* **Aim of the exercise**
Using the listing below, please print exactly the lines from the one with "Now for the" through the one with "Hey guys, what's". Leave out every picture.

* **Given data**

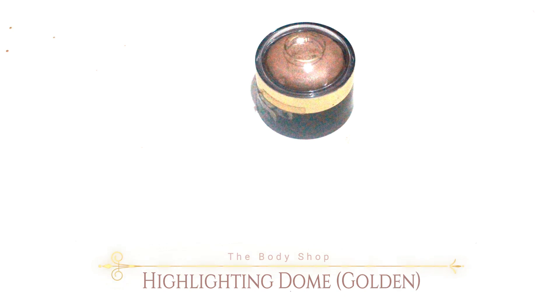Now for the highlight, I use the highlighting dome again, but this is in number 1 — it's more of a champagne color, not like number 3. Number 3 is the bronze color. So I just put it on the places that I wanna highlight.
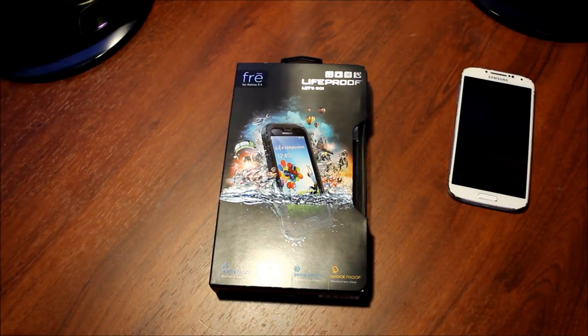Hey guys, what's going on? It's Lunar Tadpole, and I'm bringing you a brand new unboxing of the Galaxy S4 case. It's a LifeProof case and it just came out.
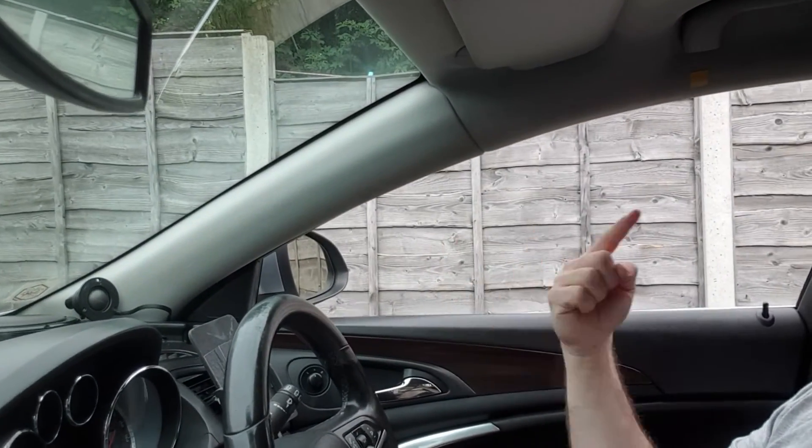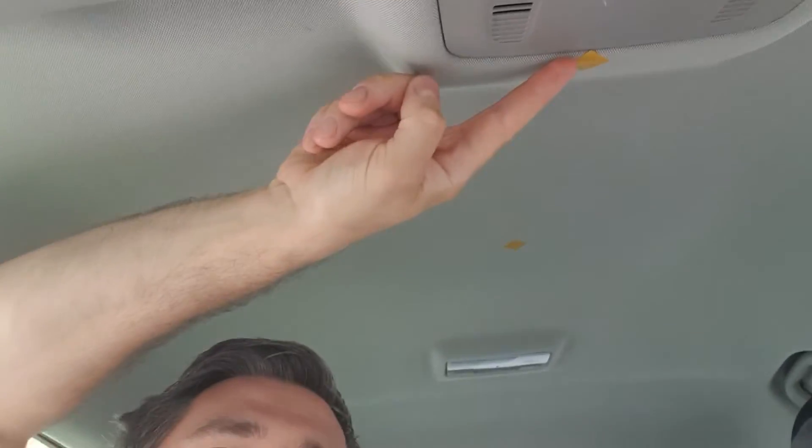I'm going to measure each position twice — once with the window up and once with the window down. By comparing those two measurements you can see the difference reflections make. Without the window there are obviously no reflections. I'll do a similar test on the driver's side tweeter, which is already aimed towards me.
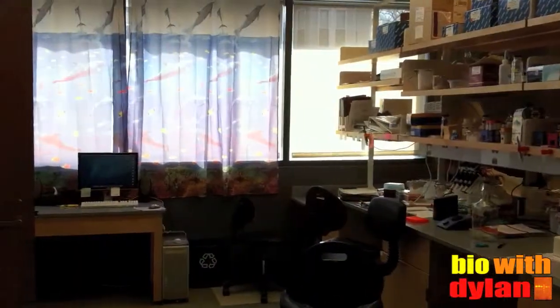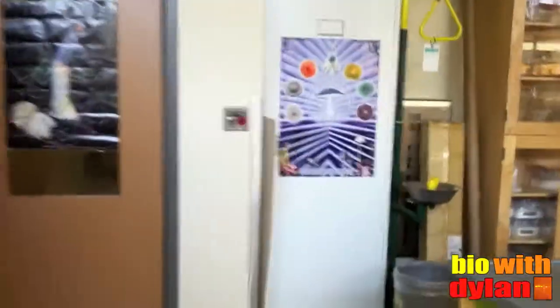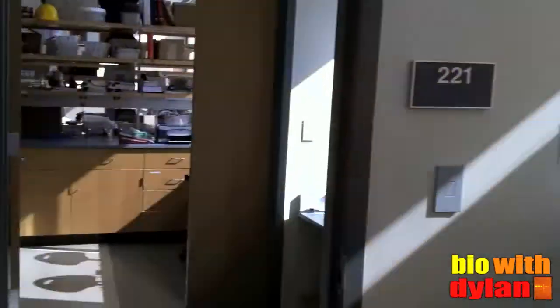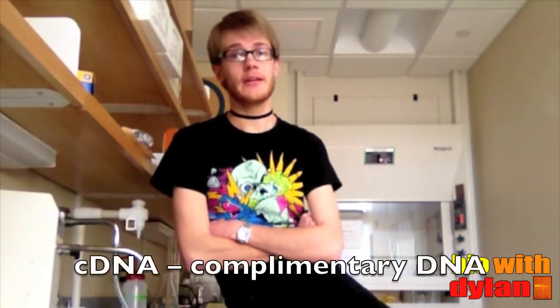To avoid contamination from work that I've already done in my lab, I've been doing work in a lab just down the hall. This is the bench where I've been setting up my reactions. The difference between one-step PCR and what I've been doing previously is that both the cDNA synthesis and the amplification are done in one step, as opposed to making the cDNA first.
==
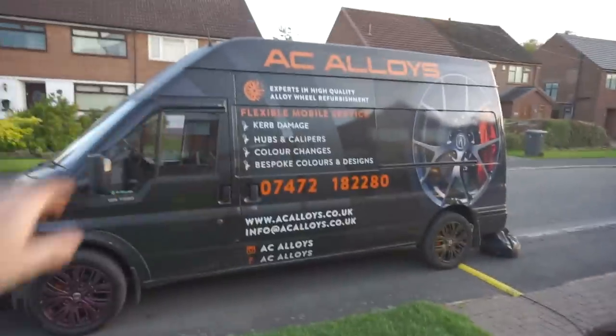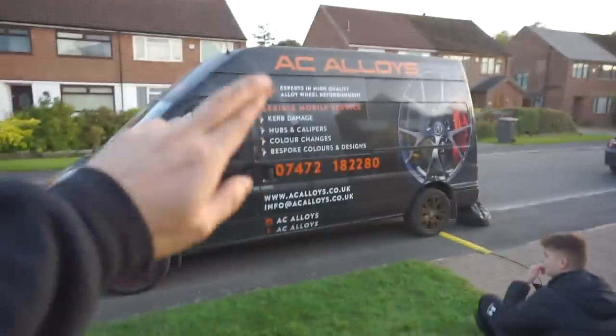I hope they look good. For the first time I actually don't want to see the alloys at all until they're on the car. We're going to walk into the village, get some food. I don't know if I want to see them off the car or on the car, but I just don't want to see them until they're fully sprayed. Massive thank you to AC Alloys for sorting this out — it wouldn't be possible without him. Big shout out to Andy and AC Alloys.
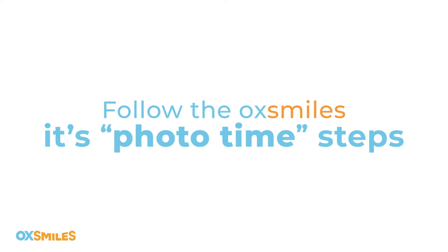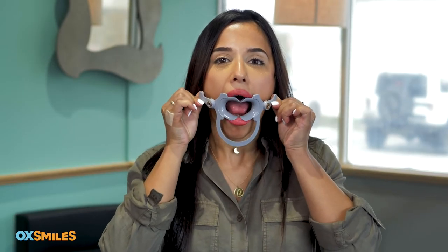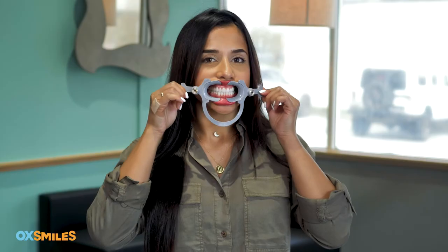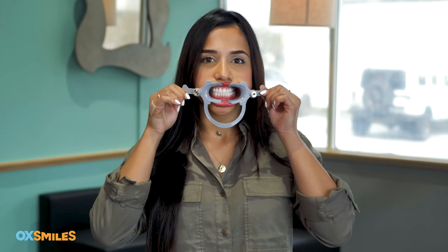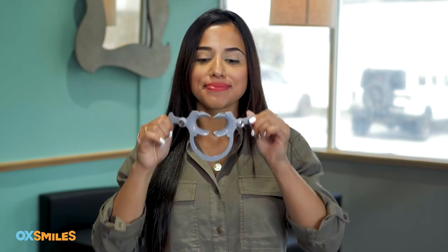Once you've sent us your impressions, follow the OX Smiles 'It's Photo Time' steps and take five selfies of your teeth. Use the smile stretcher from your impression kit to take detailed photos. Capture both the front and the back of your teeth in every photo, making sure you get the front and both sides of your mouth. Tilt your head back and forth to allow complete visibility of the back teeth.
...
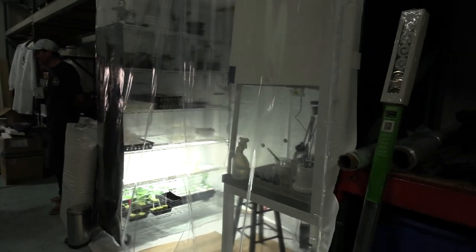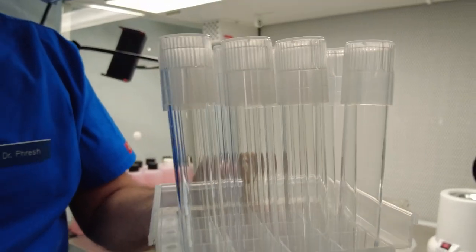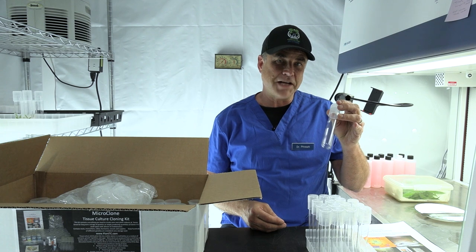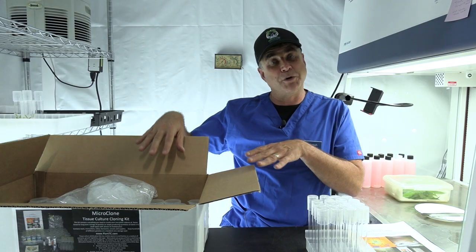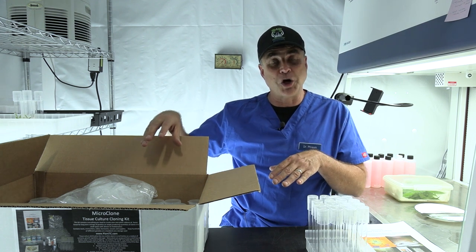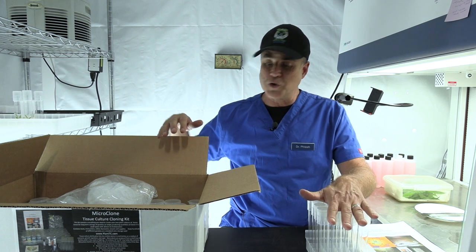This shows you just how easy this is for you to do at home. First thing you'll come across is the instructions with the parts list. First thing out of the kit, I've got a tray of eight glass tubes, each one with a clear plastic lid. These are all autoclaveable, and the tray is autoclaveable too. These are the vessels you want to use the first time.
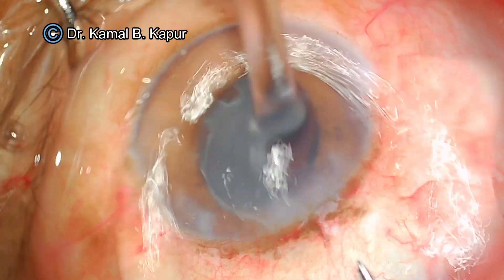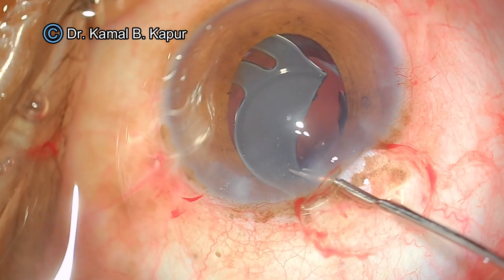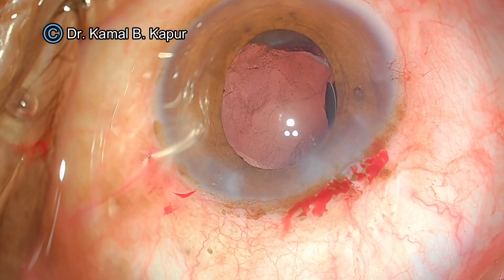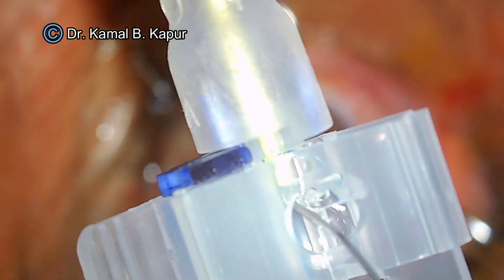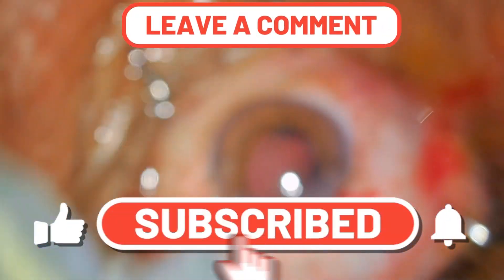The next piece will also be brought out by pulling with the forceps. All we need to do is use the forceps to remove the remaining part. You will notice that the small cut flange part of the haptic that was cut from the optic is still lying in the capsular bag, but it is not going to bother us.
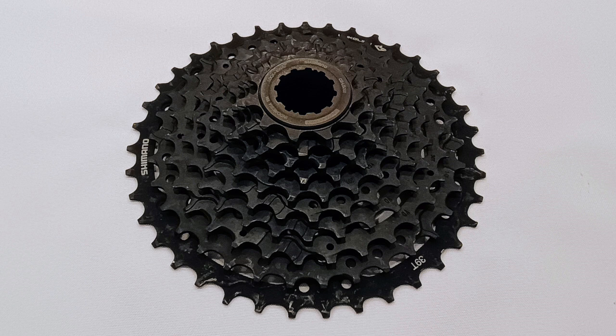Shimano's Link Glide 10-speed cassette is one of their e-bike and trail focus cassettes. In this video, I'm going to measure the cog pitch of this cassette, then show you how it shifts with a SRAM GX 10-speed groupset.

* **Response to the exercise**
Now for the highlight, I use the highlighting dome again, but this is in number 1 — it's more of a champagne color, not like number 3. Number 3 is the bronze color. So I just put it on the places that I wanna highlight.
Hey guys, what's going on? It's Lunar Tadpole, and I'm bringing you a brand new unboxing of the Galaxy S4 case. It's a LifeProof case and it just came out.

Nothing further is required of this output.